====== Study material
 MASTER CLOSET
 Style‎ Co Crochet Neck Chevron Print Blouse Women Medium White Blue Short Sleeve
============
====== Study material
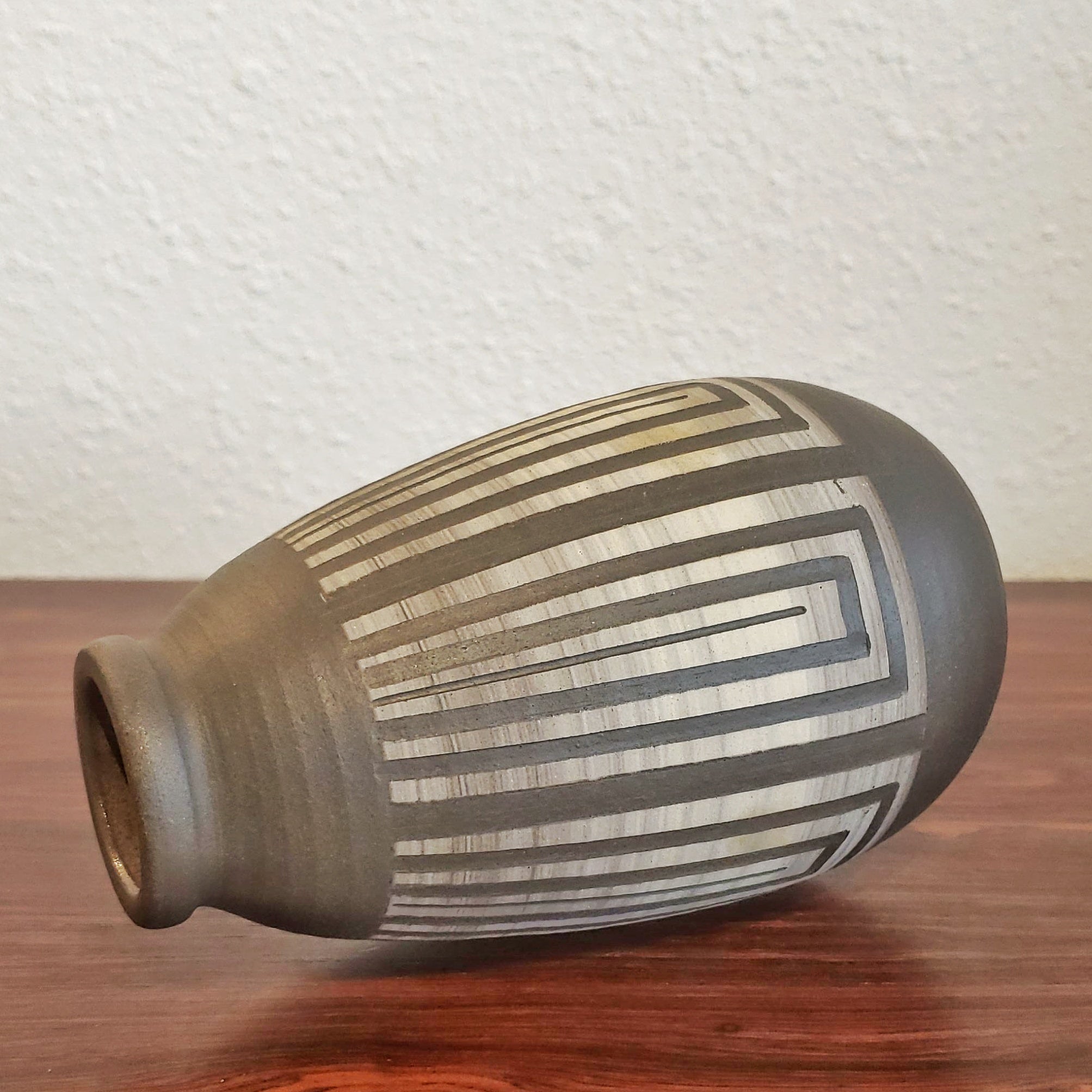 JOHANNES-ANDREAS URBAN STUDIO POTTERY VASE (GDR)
============
* Exercise directions *
Look above for the line with "MASTER CLOSET"; retype exactly that line, every line after it up to the line with "Style‎ Co Crochet", and that line too, nothing else.

* Task solution *
 MASTER CLOSET
 Style‎ Co Crochet Neck Chevron Print Blouse Women Medium White Blue Short Sleeve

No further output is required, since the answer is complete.